It’s Just Me And Your Umbrella of Love.

nsfw_brown

Last week (and apparently entering into this week) was a good time for mankind.

Cassie has flown like an eagle, Rihanna’s come out of rehab, and now Hoopz is playing with balls and letting the world watch the game.

Yay, Internets.

By the way, if you have no idea what I’m talking about then you must somehow avoid all internet contact at all times – amazing considering you’re reading this right now.

Those pics and now Hoopz video clip have seen more hits than Rihanna Tina Turner a punching bag.

(And no, I’m not providing links to any of those pictures or video. This site is PG. Google is your friend.)

Now as a red-blooded male, I’m more than appreciative of full on female nudity in any form. I mean, the whole point of male existence – in a nutshell – is to procure female nudity. It’s necessary for the survival of the species. It’s even better when its women whose buckeynekkidness you’ve actually pondered. And who hasn’t wanted to get under Rihanna’s umbrella –ella-ella aye aye aye.

Man that is one outdated joke. Aye carumba.

Well the leaking of said nudey pics and the apparent broken dam of celebt*tty pictures that are more than likely to venture our way got me to thinking about something very pontificatious.
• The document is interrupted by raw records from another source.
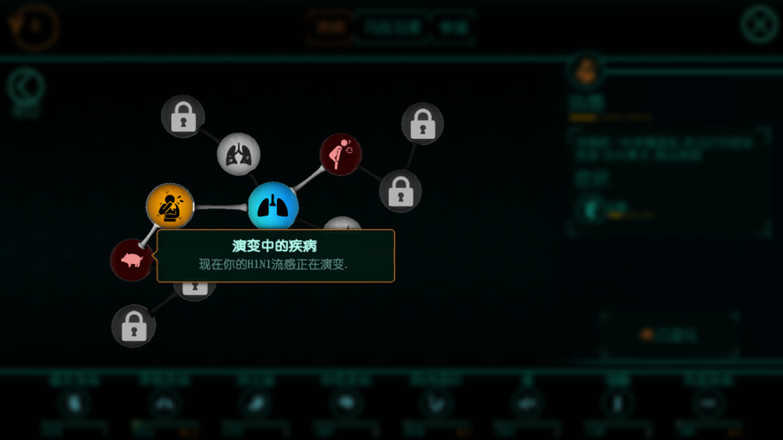 生化公司救赎游戏纯净版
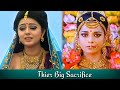 Kunti And Draupadi Similarities Their Big Sacrifice Part 13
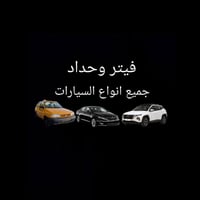 تجفيت • حدادية • تبديل مشط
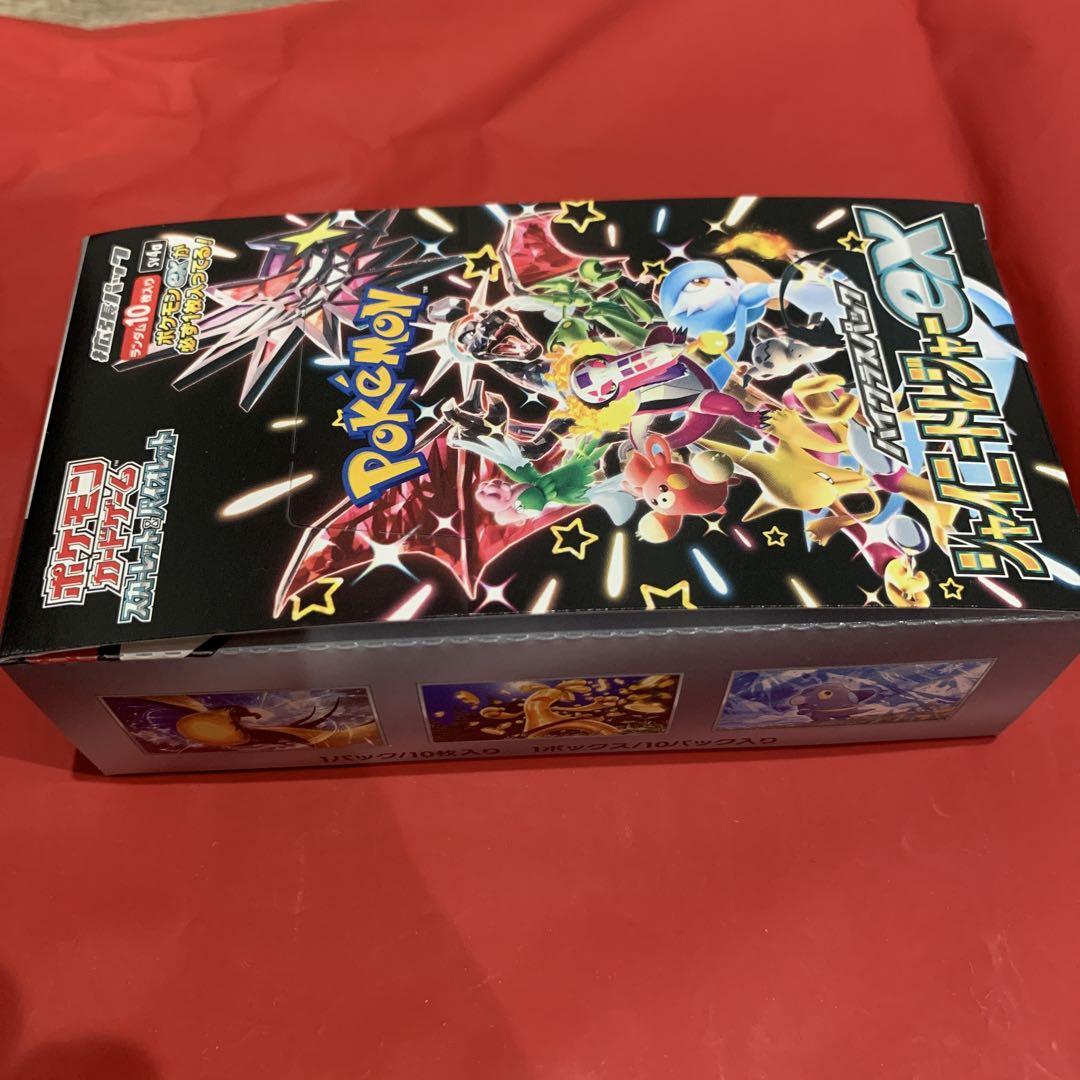シャイニートレジャーex box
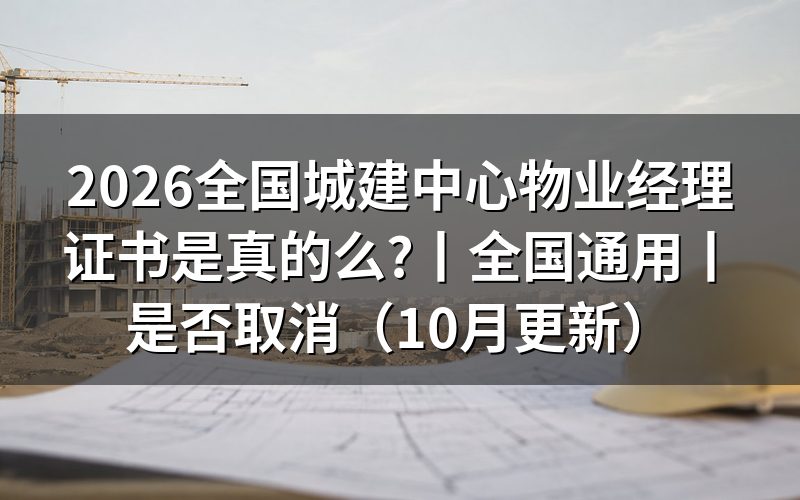 全国物业经理证书,申报表那一栏填的职业名称对不上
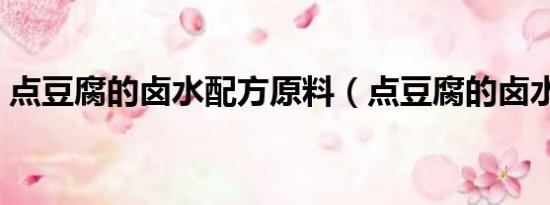 點(diǎn)豆腐的鹵水配方原料（點(diǎn)豆腐的鹵水配方）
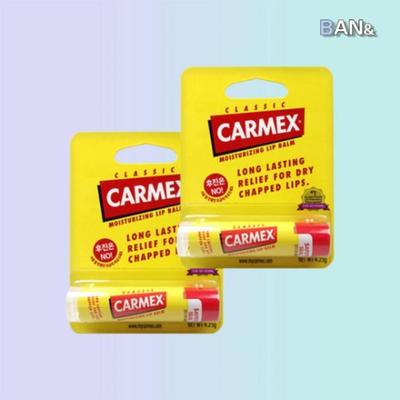 Trucco labbra – Balsami labbra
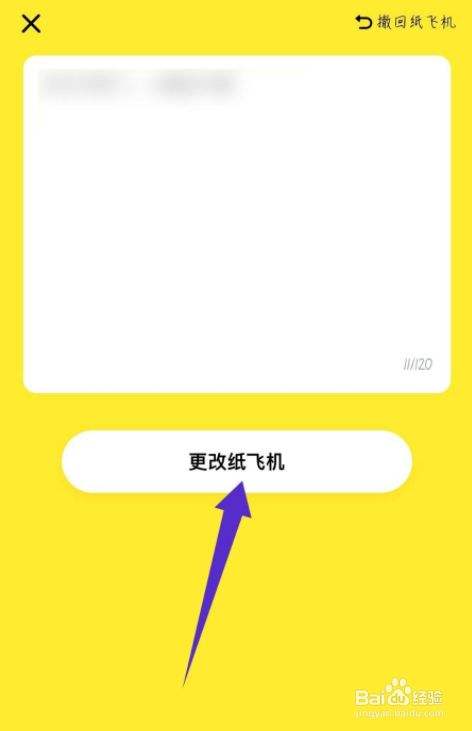 [纸飞机app叫啥]纸飞机app叫什么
You see, despite my love for the female form, there are actually women I have no desire to ever see in the buff.

Like ever.

Forever ever??

Forever ever.

And who might the mighty-ighty-ighty P not want to see au naturale??

Thought you’d never ask.

Beyonce – Sure she’s hot as South Hades, but truthfully, she’s not even all that sexxy to me, unless she’s soaking wet. I’ve long contended that wet women look way better than dry women (and take that as you want – heh heh heh). And God forbid a chex tap were to surface. You know what that would mean, right? It would be her and JayZ. I don’t ever want to see Bey and Jay bumpin’ literal uglies. Plus, what do you think: just how boring would that tape be anyway? She seems like a robot and he’s just getting more obnoxiously detached. It could be the actual definition video of “watching paint dry.”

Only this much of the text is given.